● **Description of the task**:
Find "BMW 5 Series 2014 520Li Elegance фото 12" below and begin at its line; stop after the line with "DC50D MK2 Genset". Output those lines exactly, without pictures.

● **Data provided**:
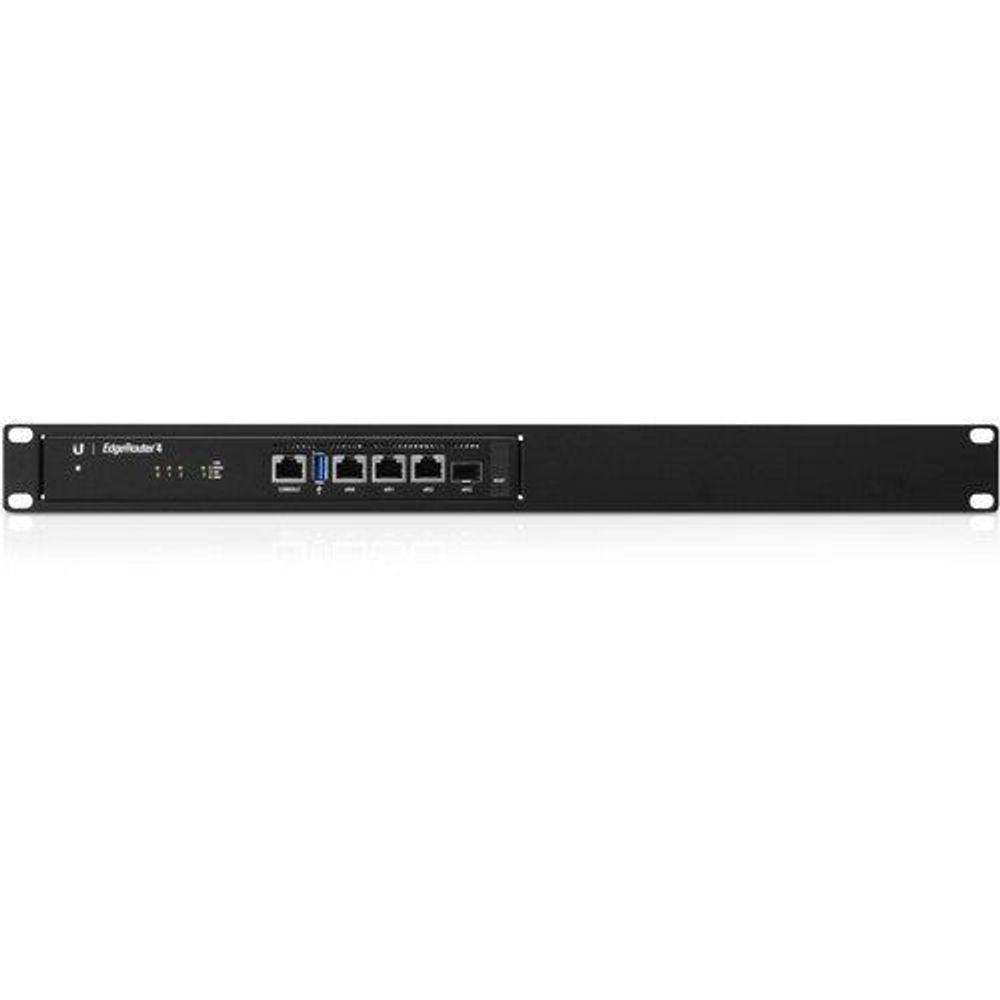 ER-4 - Ubiquiti ER-4 Router - 3 Ports - 3 RJ-45 Port(s) - Management Port - 1 SFP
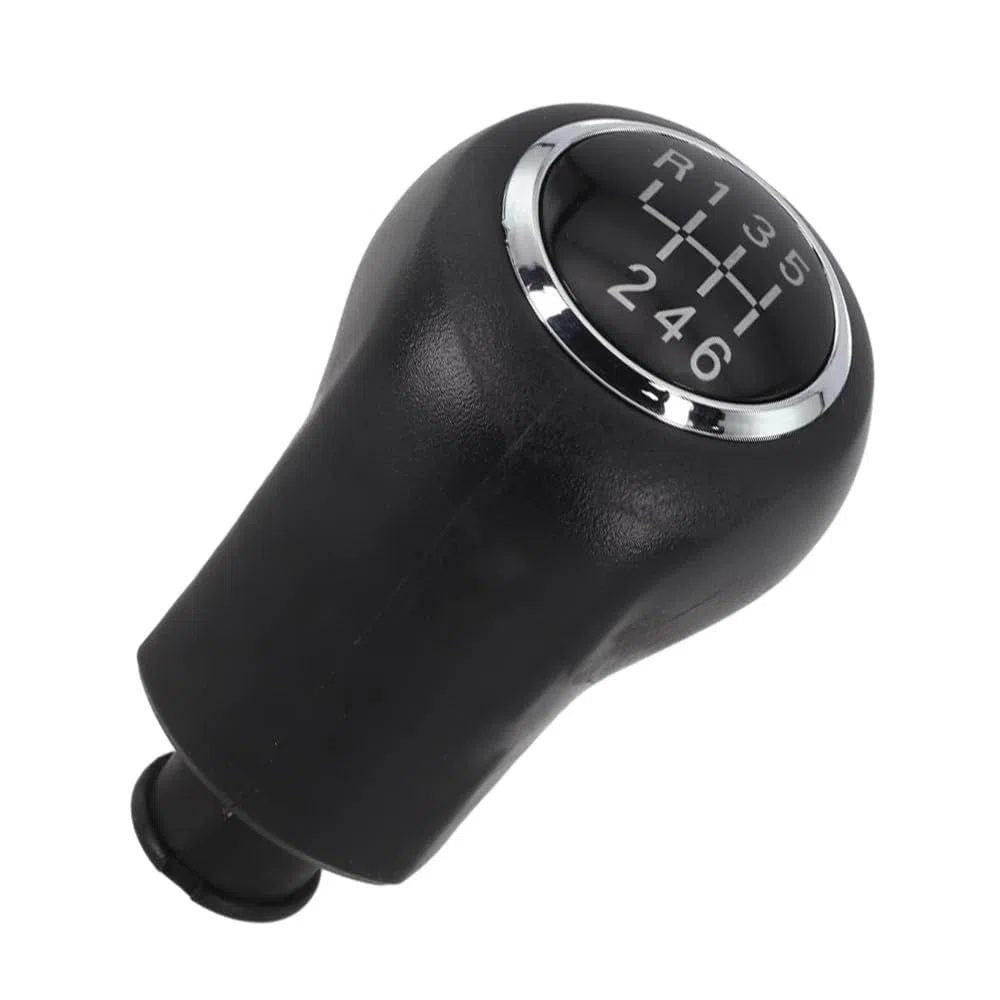 Pomo de palanca de cambios manual,pomo palanca de cambios,compatible con Opel Astra H Zafira B 2005-2010 6 velocidades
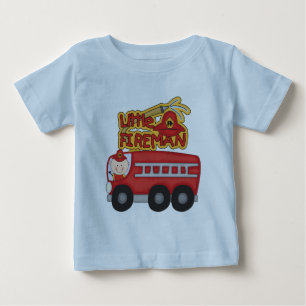 Engine Little Fireman Tshirts and Gifts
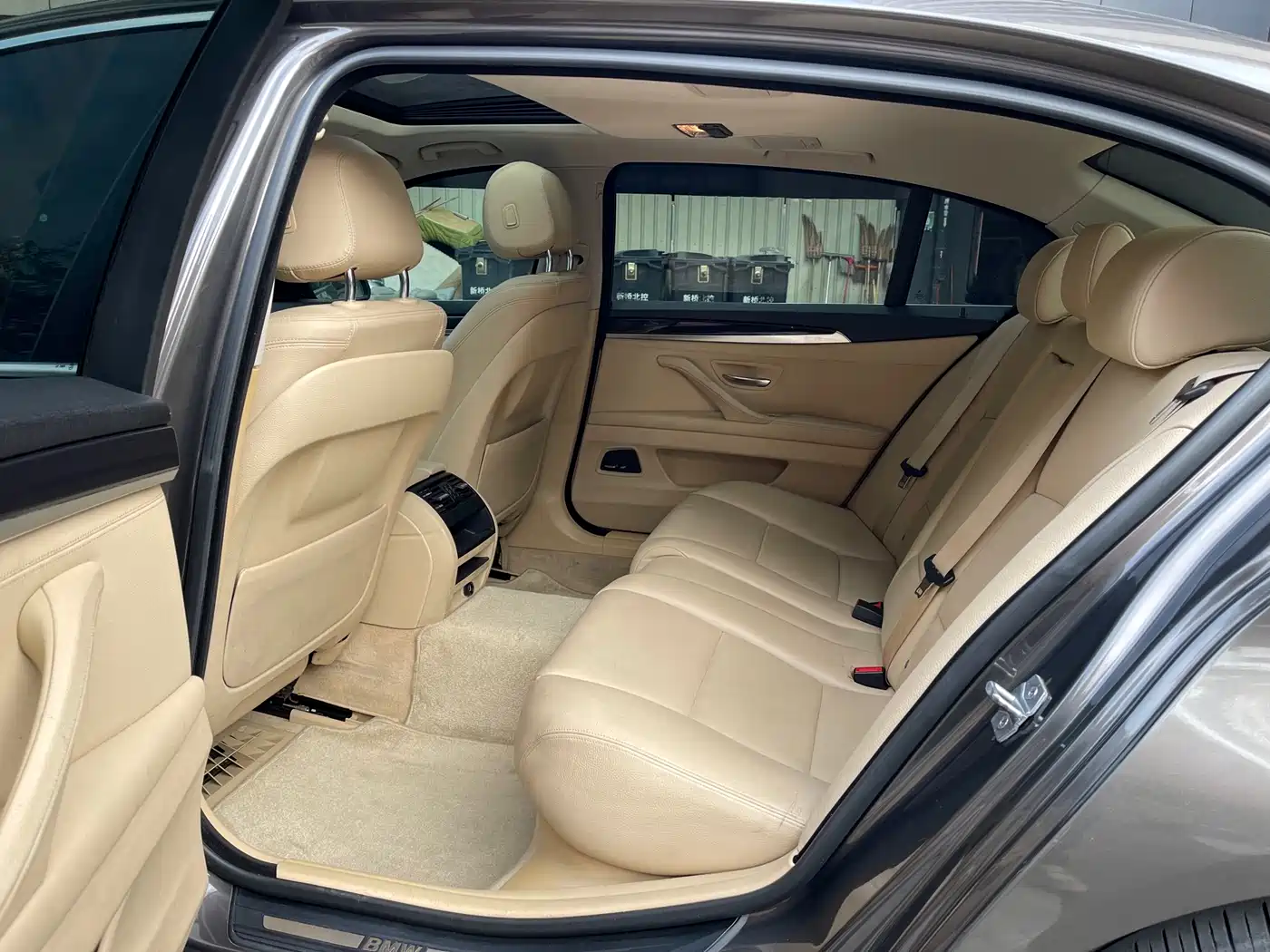 BMW 5 Series 2014 520Li Elegance фото 12
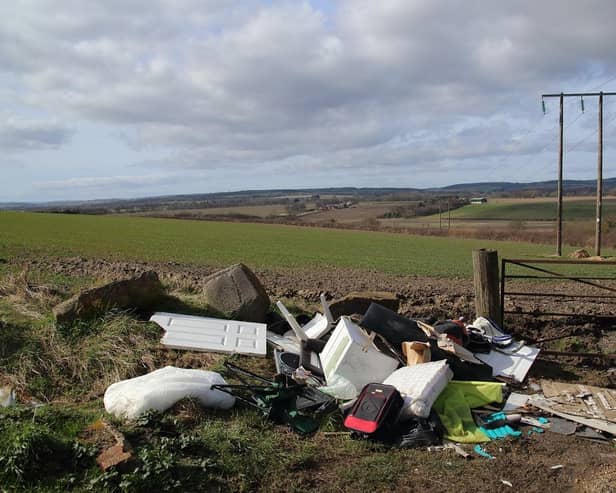 Council has accepted fly tipping enforcement measures. Credit Pixabay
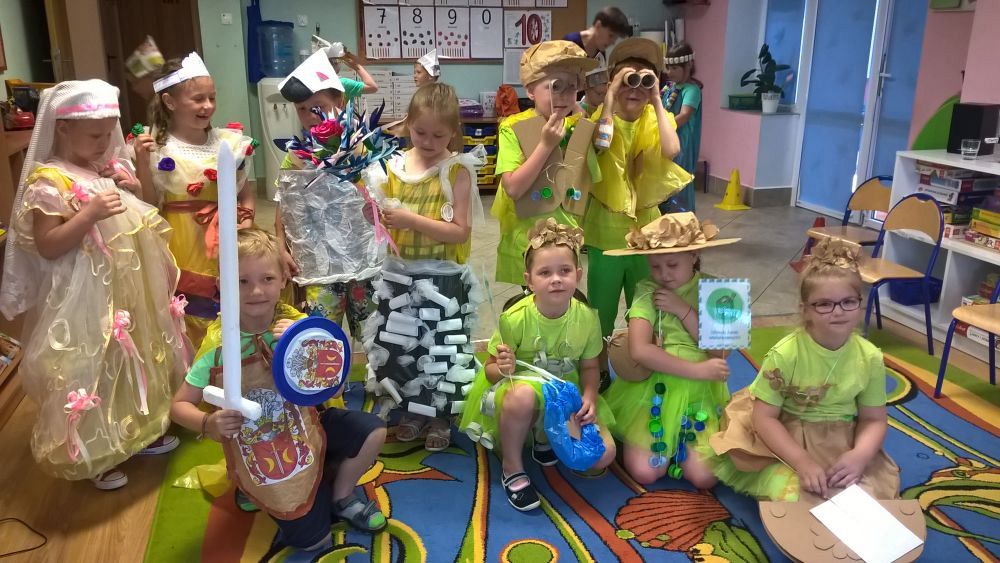 Grafika #0: Gminny Turniej Ekologiczny- Oddział Przedszkolny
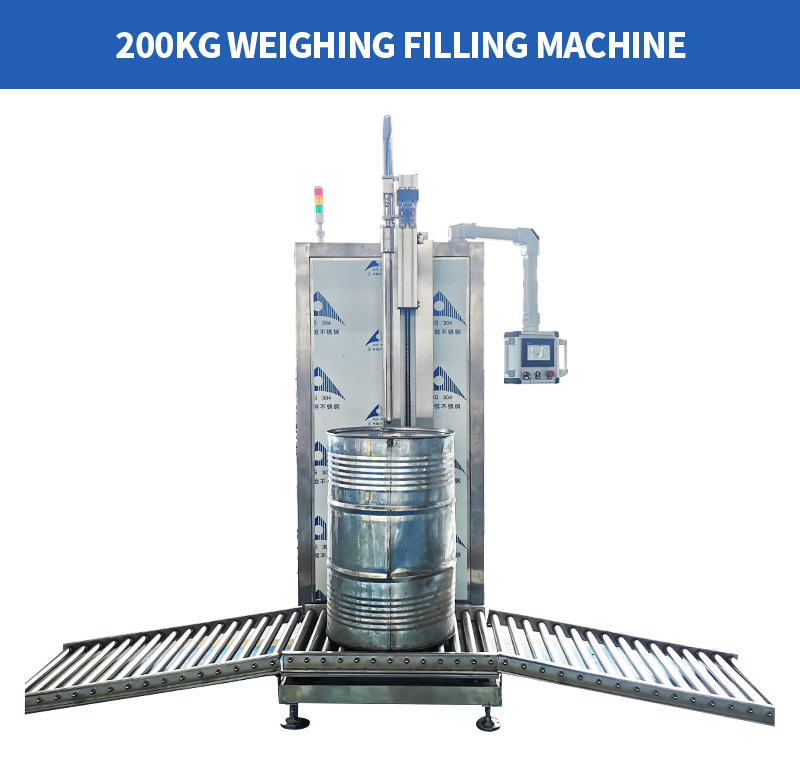 200-1000 L filling machine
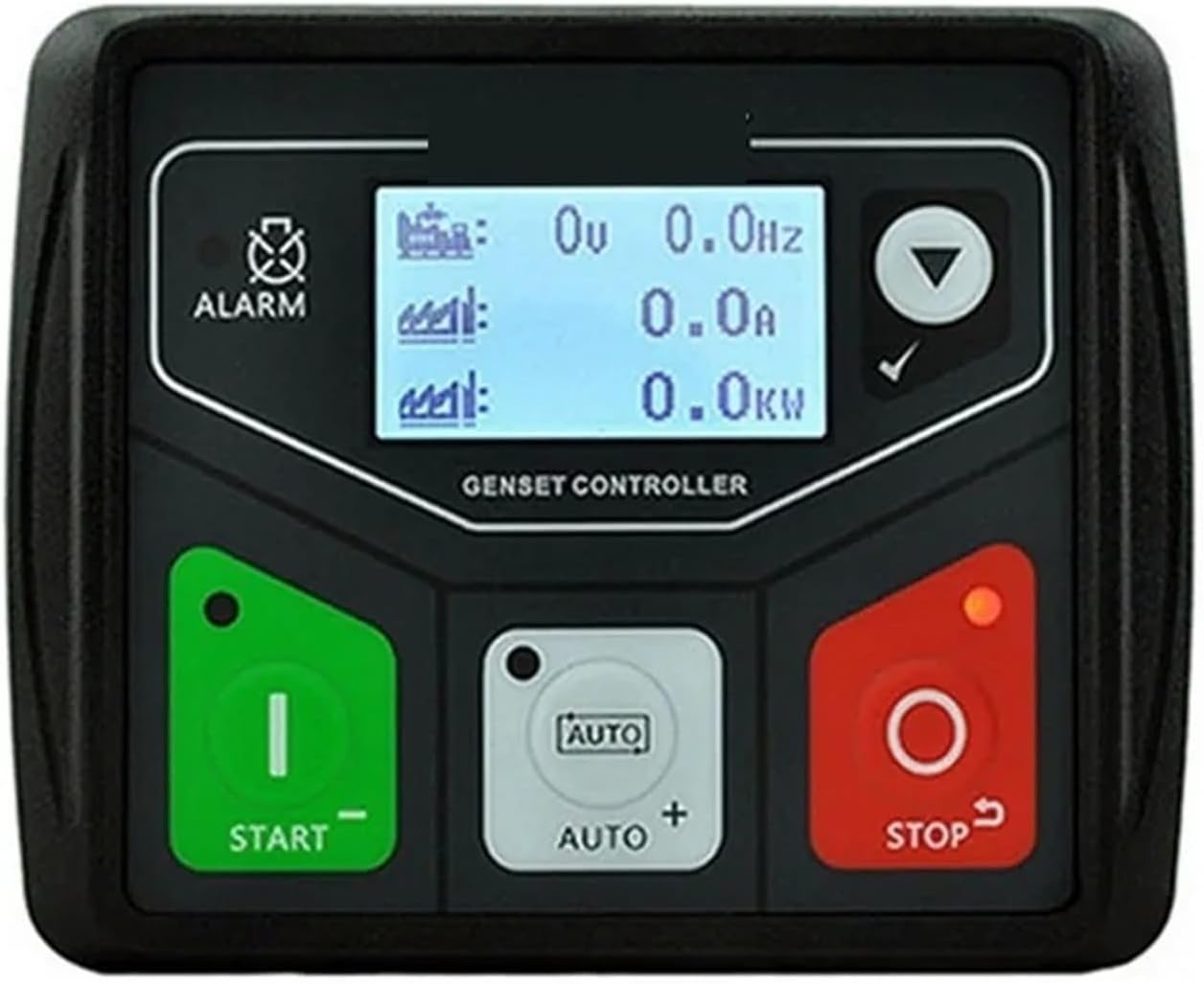 DC50D MK2 Genset Auto Start Controller Generator Electronic Control Panel 1Pcs(DC50D)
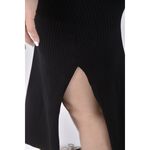 (S) 【安于晴Charlene私服】chloe chen質感吊帶黑色洋裝二手衣, , large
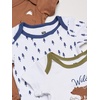 image:imageHudson Baby Cotton Bodysuits 3PackBear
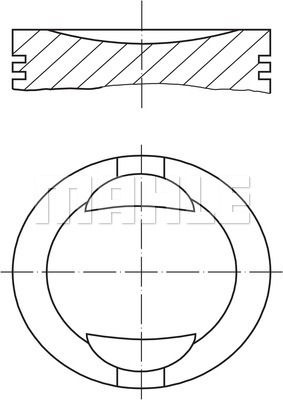 WILMINK GROUP Поршень WG1201360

● **Response area**:
 BMW 5 Series 2014 520Li Elegance фото 12
 Council has accepted fly tipping enforcement measures. Credit Pixabay
 Grafika #0: Gminny Turniej Ekologiczny- Oddział Przedszkolny
 200-1000 L filling machine
 DC50D MK2 Genset Auto Start Controller Generator Electronic Control Panel 1Pcs(DC50D)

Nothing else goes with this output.